懲戒処分の対象となり得る出来事が発生した会社の取締役会にオブザーバーとして出席しました。

取締役会では色々なことが協議されましたが、私がお話しをお聴きしていると、どうも取締役のみなさんは「懲戒処分」=「懲戒解雇」という前提で協議をされているようでした。それぞれの取締役が意見を述べるときに「懲戒」という部分だけが聴き取れ、「処分」又は「解雇」という部分が聴き取れないことが多いのです。これでは、懲戒処分内容を検討する前に結論は懲戒解雇と決めつけているようなものです。私は取締役会や懲罰委員会の議事録を後日作成する際にテープ起こしをすることがありますが、語尾が明瞭に録音されてなく議事録作成に苦労することはよくあります。また、労働問題が初体験で、就業規則も十分に読んてなく、懲戒処分の検討に不慣れな取締役の方々にとっては「極端に悪いことをした」=「解雇する」というイメージが強いようなのです。

そこで私は「懲戒解雇するか否かの協議をする前に、懲戒処分の対象として協議するか否かを協議することがこの取締役会で最初に必要なことです。この会社の規則によると、懲戒処分には、懲戒解雇以外にも、降格、出勤停止、減給、譴責などがあります。犯した罪と懲戒内容の軽重を考えて、この会社では取締役会で懲戒処分内容を決定すべきことです。そして、懲戒解雇は懲戒処分の中でも最も重たい処罰で、十分過ぎる位慎重な調査が必要です。」と説明せざるを得なくなりました。

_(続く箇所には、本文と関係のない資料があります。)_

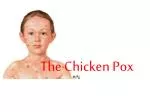 The Chicken Pox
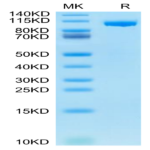 Mouse ENPP-1 Protein BP003627 Syd Labs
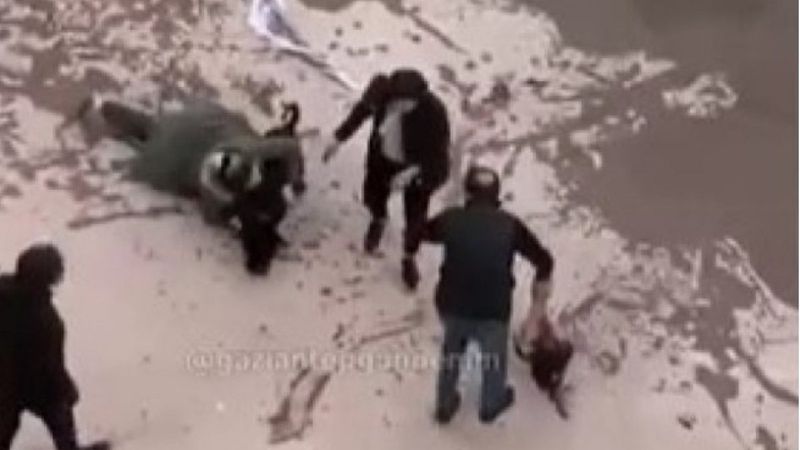 Pitbull saldırısına uğrayan Asiye'nin babası konuştu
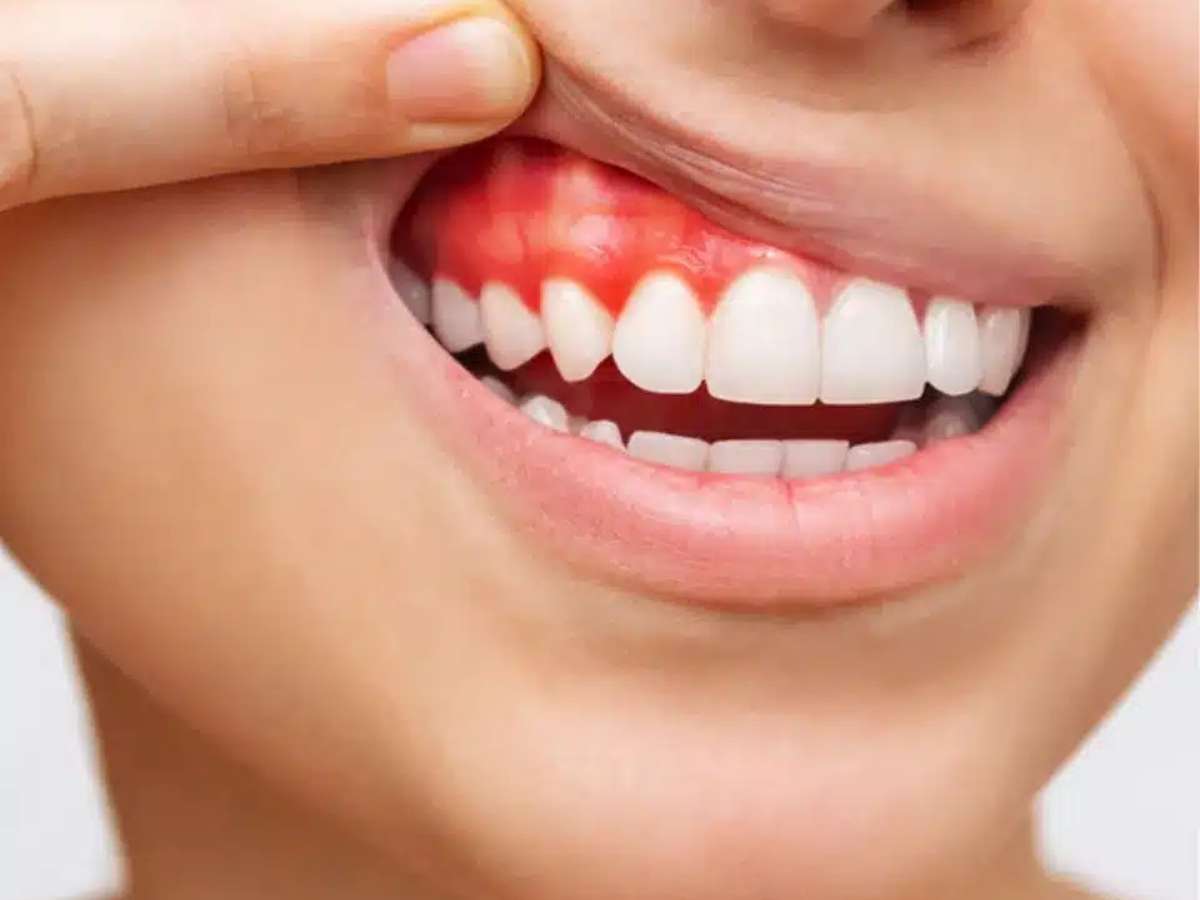 Một vài người không nên thực hiện đính đá răng 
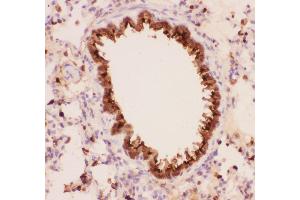 Anti-Annexin A1 Picoband antibody,  IHC(P): Rat Lung Tissue (Annexin a1 抗体  (AA 2-346))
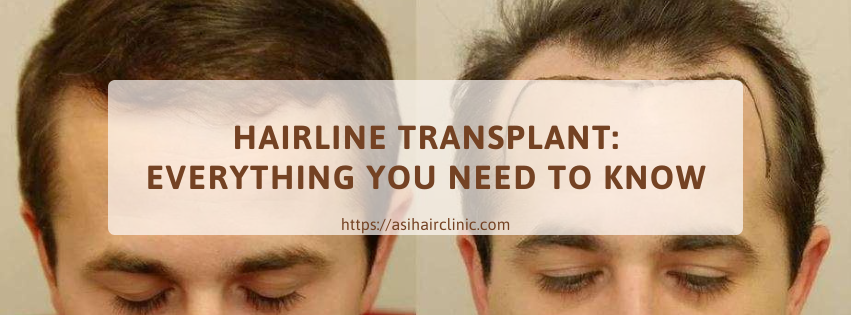 Hairline Transplant: Everything You Need to Know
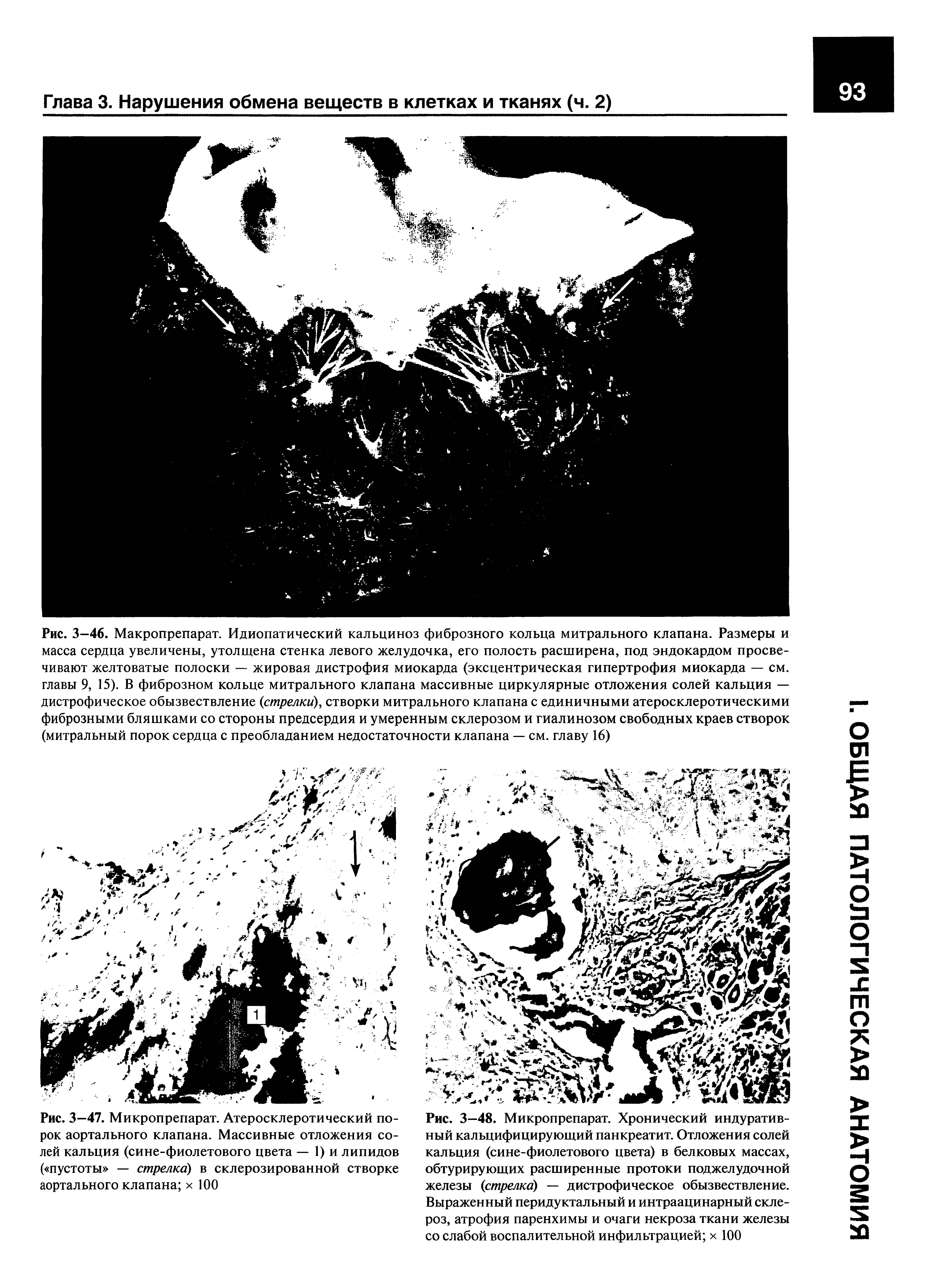 Рис. 3—48. Микропрепарат. Хронический индуратив-ный кальцифицирующий панкреатит. Отложения солей кальция (сине-фиолетового цвета) в белковых массах, обтурирующих расширенные протоки поджелудочной железы (стрелка) — дистрофическое обызвествление. Выраженный перидуктальный и интраацинарный склероз, атрофия паренхимы и очаги некроза ткани железы со слабой воспалительной инфильтрацией х 100...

ほとんど就業規則を読んだことがなく、また労働諸法を理解されていない方々の中には、懲戒処分=懲戒解雇と思い込んでいらっしゃる方々が沢山いらっしゃるようです。

そして特に注意しなければならない言葉は、「退職勧奨」「普通解雇」「諭旨解雇」「懲戒解雇」です。「退職勧奨」と「普通解雇」は懲戒処分ではないこと、「諭旨解雇」と「懲戒解雇」は懲戒処分の一部であり、「諭旨解雇」は言葉通り「本人が侵した違反を本人に諭して、もし本人が反省して辞表を期限内に提出すれば懲戒解雇するのを避けよう」とするものです。どの言葉にも本人が失職する「退職」とか「解雇」とかがついているので会話の中で勘違いも生じ易いのです。

全く初歩的な説明で取締役の皆さんにとっては失礼な説明であったかもしれません。しかし、大切な会議で語尾が明瞭でなかった為に、各自の思惑も交じって誤解を生じ、会議が思わぬ方向に進行し始めてしまうことはよくあることです。

実際にこの取締役会でどのような話し会いがあったのか、どのように決定したのかは守秘義務があるためブログには記載できませんが・・・・・。